The Marimbondo Dam is an embankment dam on the Grande River near Fronteira in Minas Gerais, Brazil. The dam serves an associated hydroelectric power plant with a 1440 MW installed capacity.

==Background==
Owned and maintained by Eletrobrás Furnas, the dam was their fourth power plant constructed. Construction began in 1971 and was complete in 1975 when the first generator went online. The last of the eight generators went online in January 1977.

==Specifications==
The Marimbondo Dam is a 3100 m long and 94 m high earth-fill embankment dam with a concrete spillway and power house section.
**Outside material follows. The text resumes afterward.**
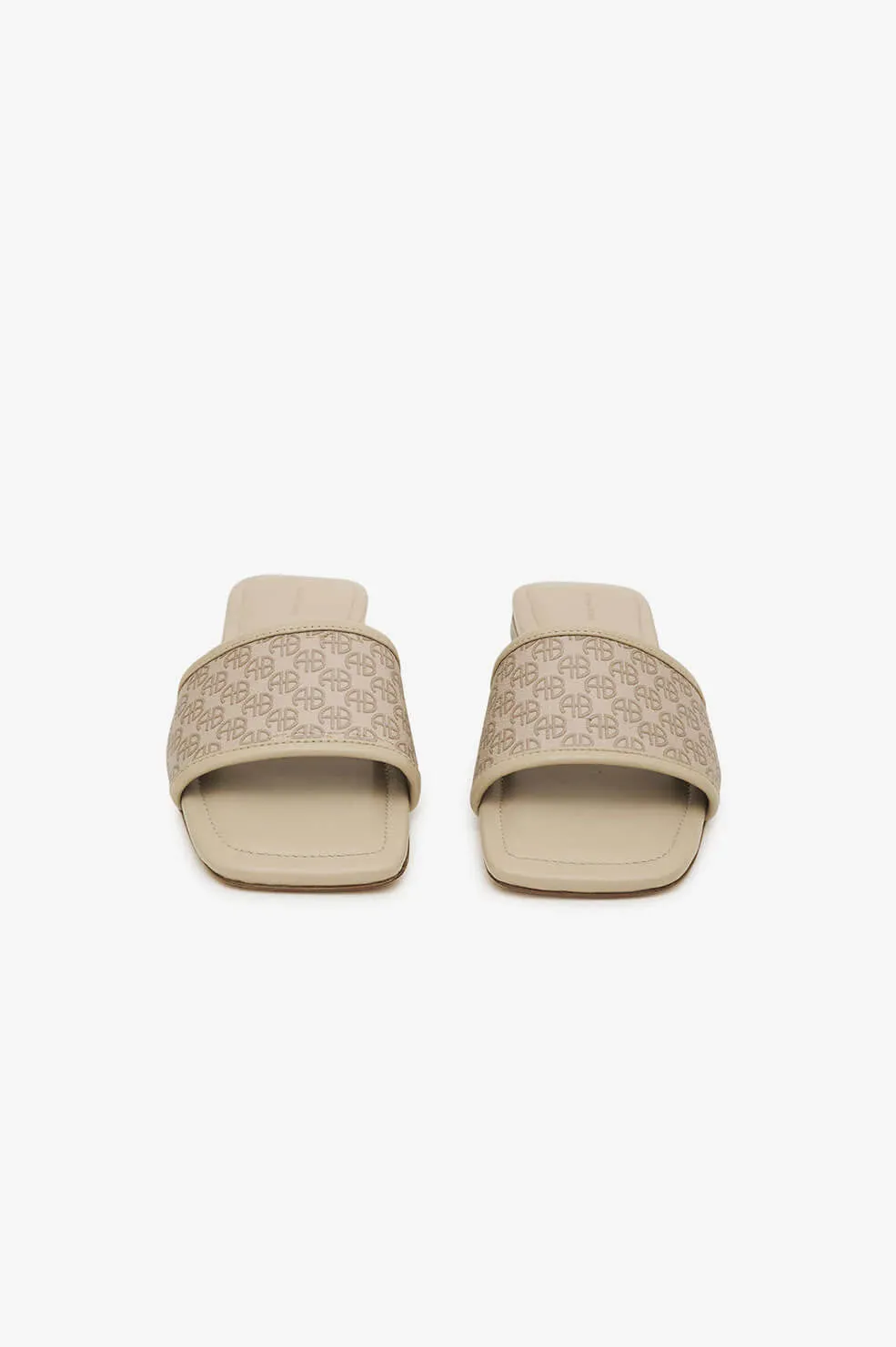 Anine Bing - Ria Slides in Beige Monogram Print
The total structural volume of materials for the dam is 14400000 m3. The dam's spillway contains nine floodgates that are 15 m wide and 18.85 m high each. In total, the spillway has a 21400 m3/s discharge capacity.

==Reservoir==
The reservoir created by the dam has a surface area of 438 km2 and capacity of 6150 e6m3 with 5260 e6m3 serving as live (active or "useful") storage. The normal reservoir level is 446.3 m above sea level and the maximum is 447.36 m.

==Marimbondo Hydroelectric Power Plant==
Marimbondo Hydroelectric Power Plant is 25.3 m wide and 250.2 m long and contains eight 180 MW generators that are powered by Francis turbines.